- Opening Delimiter -

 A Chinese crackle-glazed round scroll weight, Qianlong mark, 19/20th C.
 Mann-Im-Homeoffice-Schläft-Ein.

- Closing Delimiter -
- Opening Delimiter -

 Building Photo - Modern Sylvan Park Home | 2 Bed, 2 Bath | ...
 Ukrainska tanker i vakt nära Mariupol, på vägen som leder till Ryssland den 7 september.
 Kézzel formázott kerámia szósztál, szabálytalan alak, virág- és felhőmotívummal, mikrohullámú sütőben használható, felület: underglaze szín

- Closing Delimiter -

Reprint exactly the lines above that start at the one with "A Chinese crackle-glazed" and end at the one with "Mann-Im-Homeoffice-Schläft-Ein.", keeping both and adding none.

**RESPONSE BELOW:**
 A Chinese crackle-glazed round scroll weight, Qianlong mark, 19/20th C.
 Mann-Im-Homeoffice-Schläft-Ein.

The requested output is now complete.